Task requirements:
Drop every picture, then repeat the records exactly.

(Crawled caption data)

[Start of section]

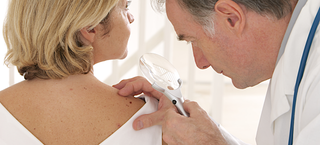 Médico dermatologista examina pinta nas costas de uma mulher branca e de cabelos loiros com um dermatoscópio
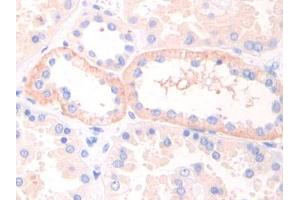 DAB staining on IHC-P; Samples: Human Kidney Tissue (LIFR 抗体  (AA 692-833))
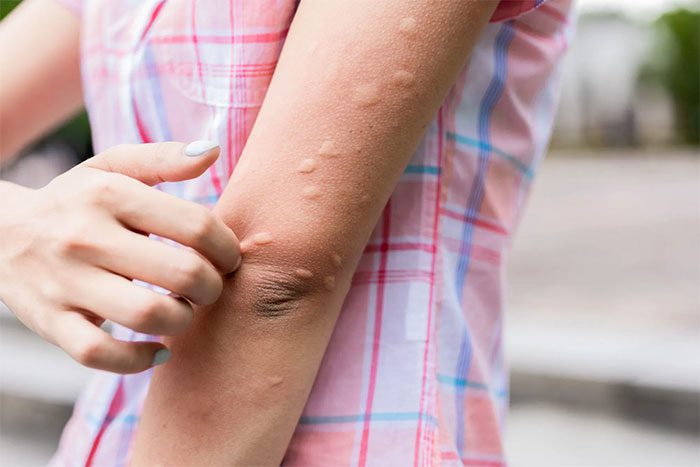 It is essential to know what you are allergic to.
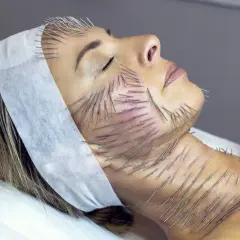 Kobieta poddana zabiegowi akupunktury twarzy i szyi. Liczne igły wbijane są w skórę, co jest częścią terapii needle shaping.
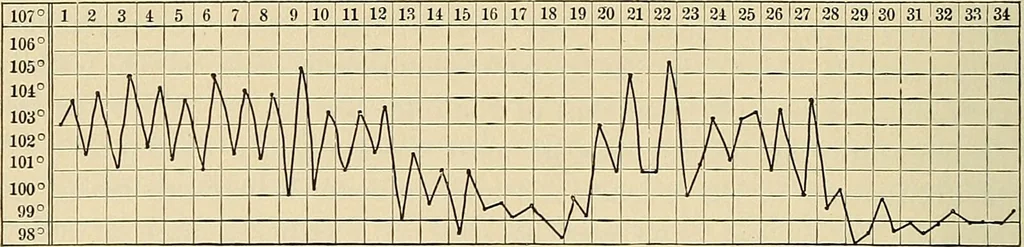 An illustration from The diseases of infancy and childhood : for the use of students and practitioners of medicine / by L. Emmett Holt and John Howland., 1911, leaf 552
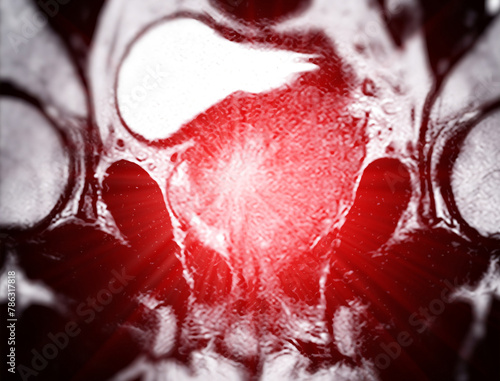 MRI of the prostate gland reveals a focal abnormal signal intensity (SI) lesion at the left posterolateral peripheral zones at the apex, aiding in diagnosing tumors and guiding treatment decisions. photo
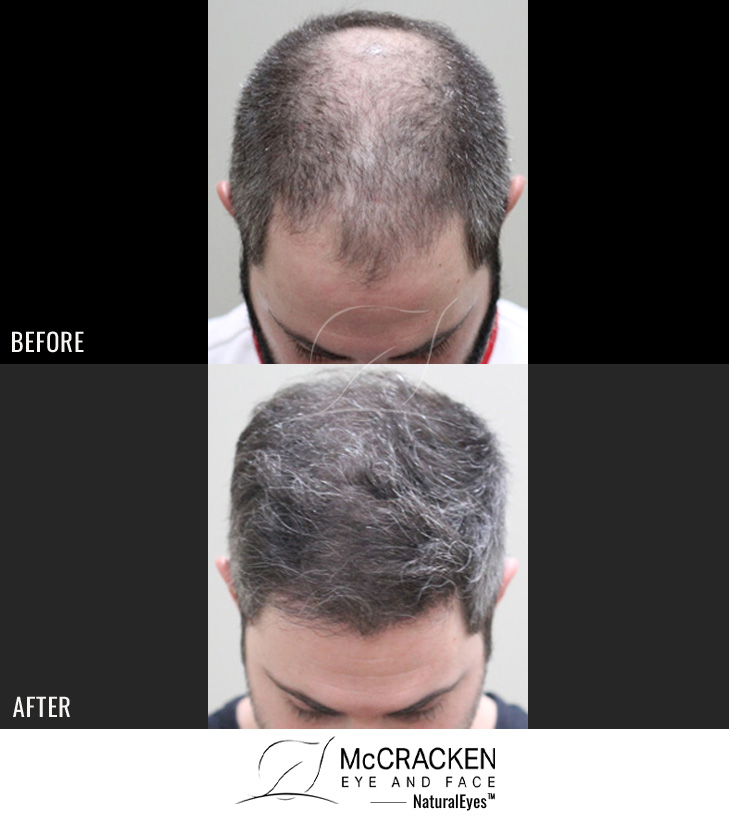 31 year old male, 7 months after 3000 grafts to the hairline and crown.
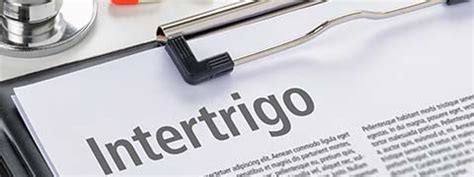 Intertrigo: Causes, Symptoms And Treatment | Netmeds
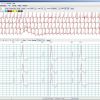 NorthEast Monitoring Holter LX Analysis Software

[End of section]

Solved problem:
 Médico dermatologista examina pinta nas costas de uma mulher branca e de cabelos loiros com um dermatoscópio
 DAB staining on IHC-P; Samples: Human Kidney Tissue (LIFR 抗体  (AA 692-833))
 It is essential to know what you are allergic to.
 Kobieta poddana zabiegowi akupunktury twarzy i szyi. Liczne igły wbijane są w skórę, co jest częścią terapii needle shaping.
 An illustration from The diseases of infancy and childhood : for the use of students and practitioners of medicine / by L. Emmett Holt and John Howland., 1911, leaf 552
 MRI of the prostate gland reveals a focal abnormal signal intensity (SI) lesion at the left posterolateral peripheral zones at the apex, aiding in diagnosing tumors and guiding treatment decisions. photo
 31 year old male, 7 months after 3000 grafts to the hairline and crown.
 Intertrigo: Causes, Symptoms And Treatment | Netmeds
 NorthEast Monitoring Holter LX Analysis Software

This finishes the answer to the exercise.